Evaluation Evaluation

After a model is trained, it needs to be tested. The goal of documentation in this section is to help users of the model to understand how the model was checked for accuracy, bias, and other important properties.

The specific metrics that the model will be tested on depend on the particular use case, so it is helpful for this documentation to include examples of which metrics apply for which use case. Additionally, there will be contexts and use cases that are inappropriate for each model, so these limitations should be noted to avoid invalidating any fairness assertions.Selbst, Andrew D. and Boyd, Danah and Friedler, Sorelle and Venkatasubramanian, Suresh and Vertesi, Janet (2018). “Fairness and Abstraction in Sociotechnical Systems”, ACM Conference on Fairness, Accountability, and Transparency (FAT*). https://ssrn.com/abstract=3265913 Testing models should also take into account the broader system the model is embedded into, so it is valuable to test the downstream effects of the model. These anticipated downstream effects should be documented as a baseline to evaluate against on an ongoing basis.

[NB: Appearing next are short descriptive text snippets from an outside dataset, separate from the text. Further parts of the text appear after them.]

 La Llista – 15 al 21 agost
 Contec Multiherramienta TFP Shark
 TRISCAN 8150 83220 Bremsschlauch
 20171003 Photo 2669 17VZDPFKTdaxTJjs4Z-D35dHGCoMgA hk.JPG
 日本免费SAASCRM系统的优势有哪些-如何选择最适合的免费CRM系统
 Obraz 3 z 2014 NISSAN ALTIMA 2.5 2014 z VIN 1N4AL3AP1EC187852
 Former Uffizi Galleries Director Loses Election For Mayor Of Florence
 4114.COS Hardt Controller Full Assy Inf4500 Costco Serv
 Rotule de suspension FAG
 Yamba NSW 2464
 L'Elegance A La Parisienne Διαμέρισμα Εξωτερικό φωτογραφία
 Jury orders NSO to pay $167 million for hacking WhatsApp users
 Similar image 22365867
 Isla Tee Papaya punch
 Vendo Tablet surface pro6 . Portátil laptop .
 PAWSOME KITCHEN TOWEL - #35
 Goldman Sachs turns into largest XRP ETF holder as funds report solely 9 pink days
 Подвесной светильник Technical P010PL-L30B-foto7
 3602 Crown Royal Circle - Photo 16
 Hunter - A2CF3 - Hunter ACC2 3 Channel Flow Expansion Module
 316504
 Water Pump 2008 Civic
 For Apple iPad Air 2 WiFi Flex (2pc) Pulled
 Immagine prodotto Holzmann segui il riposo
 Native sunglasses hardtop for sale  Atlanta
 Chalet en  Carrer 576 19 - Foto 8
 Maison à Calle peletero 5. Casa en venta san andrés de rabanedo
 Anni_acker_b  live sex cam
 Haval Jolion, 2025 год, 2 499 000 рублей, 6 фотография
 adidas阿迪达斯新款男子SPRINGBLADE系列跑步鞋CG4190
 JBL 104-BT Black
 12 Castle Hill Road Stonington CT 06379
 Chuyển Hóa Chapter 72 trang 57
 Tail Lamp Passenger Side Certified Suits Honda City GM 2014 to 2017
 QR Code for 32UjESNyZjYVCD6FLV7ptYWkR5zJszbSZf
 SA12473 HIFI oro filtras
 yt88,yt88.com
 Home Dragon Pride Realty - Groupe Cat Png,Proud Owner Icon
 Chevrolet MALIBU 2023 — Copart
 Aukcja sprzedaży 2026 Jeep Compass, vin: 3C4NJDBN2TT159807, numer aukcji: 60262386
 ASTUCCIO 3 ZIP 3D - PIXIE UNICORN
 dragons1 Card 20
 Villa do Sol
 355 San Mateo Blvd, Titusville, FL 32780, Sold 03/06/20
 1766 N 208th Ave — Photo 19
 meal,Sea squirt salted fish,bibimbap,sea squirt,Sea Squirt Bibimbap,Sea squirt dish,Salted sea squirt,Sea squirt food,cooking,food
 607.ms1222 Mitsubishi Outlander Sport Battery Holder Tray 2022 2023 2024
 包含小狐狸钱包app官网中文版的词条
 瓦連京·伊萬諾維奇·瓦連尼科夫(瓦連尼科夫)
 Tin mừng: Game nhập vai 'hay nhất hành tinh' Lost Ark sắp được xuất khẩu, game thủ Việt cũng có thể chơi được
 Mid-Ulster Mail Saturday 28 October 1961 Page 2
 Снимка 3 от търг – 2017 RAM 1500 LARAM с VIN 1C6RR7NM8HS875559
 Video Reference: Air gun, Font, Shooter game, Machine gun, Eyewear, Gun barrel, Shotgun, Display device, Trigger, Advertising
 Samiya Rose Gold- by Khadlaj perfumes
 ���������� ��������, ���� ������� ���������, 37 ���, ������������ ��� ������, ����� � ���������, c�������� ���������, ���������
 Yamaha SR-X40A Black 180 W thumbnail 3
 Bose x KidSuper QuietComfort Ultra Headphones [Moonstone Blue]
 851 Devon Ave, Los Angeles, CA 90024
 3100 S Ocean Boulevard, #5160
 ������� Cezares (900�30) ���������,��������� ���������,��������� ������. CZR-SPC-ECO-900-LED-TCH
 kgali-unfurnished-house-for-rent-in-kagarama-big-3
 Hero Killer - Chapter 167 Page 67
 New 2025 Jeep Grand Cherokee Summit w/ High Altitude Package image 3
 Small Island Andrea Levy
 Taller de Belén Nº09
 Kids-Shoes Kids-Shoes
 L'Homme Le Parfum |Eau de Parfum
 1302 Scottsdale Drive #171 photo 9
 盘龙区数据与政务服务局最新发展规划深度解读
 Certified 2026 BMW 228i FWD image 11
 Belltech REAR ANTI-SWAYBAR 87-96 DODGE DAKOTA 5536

Breaking down accuracy and other metrics by specific subpopulations can be useful for detecting possible biases and ethical issues. For example, if a model has much lower predictive accuracy or much higher false positive rates for one subpopulation, it might be problematic to use the model to make decisions for those subpopulations. The documentation should thus reflect those limitations clearly. Such disclosures would help ensure that the model is not later used to make unfair decisions for those subpopulations and could also give the developer some liability cushion against third-party misuse since they have clearly stated the limitations of their particular model. Part of the goal of this section is to convey to the user that whether AI works is not binary and instead is a nuanced question depending on the use case and metrics of success.

The documentation should also discuss how the model developers checked for overfitting. For example, how did they construct the test set? Did they draw new test sets each time they trained the model for cross-validation purposes? It is important for the documentation to be very specific and to explore potential shortcomings of the model and the test set. While the test set is meant to be a reflection of reality, data is never perfect. Failing to account for known imperfections creates a risk that this documentation could lead to overconfidence and misuse of the model.


Disclosing the details of evaluation puts the system at risk of being more easily manipulated by malicious actors, presenting a security risk. Indeed, the issue of Goodhart’s Law, as discussed previously, can be a concern if individuals deliberately change their behavior to try to change the model’s outcomes. That said, some activist groups engage in hacking to expose problematic aspects of an ML system with the goal of protecting vulnerable groups, so the increased potential for hacking can either be a positive or negative characteristic depending on one’s perspective. Explorations related to the following research questions could uncover insights into barriers to implementation along with mitigation strategies to overcome those barriers.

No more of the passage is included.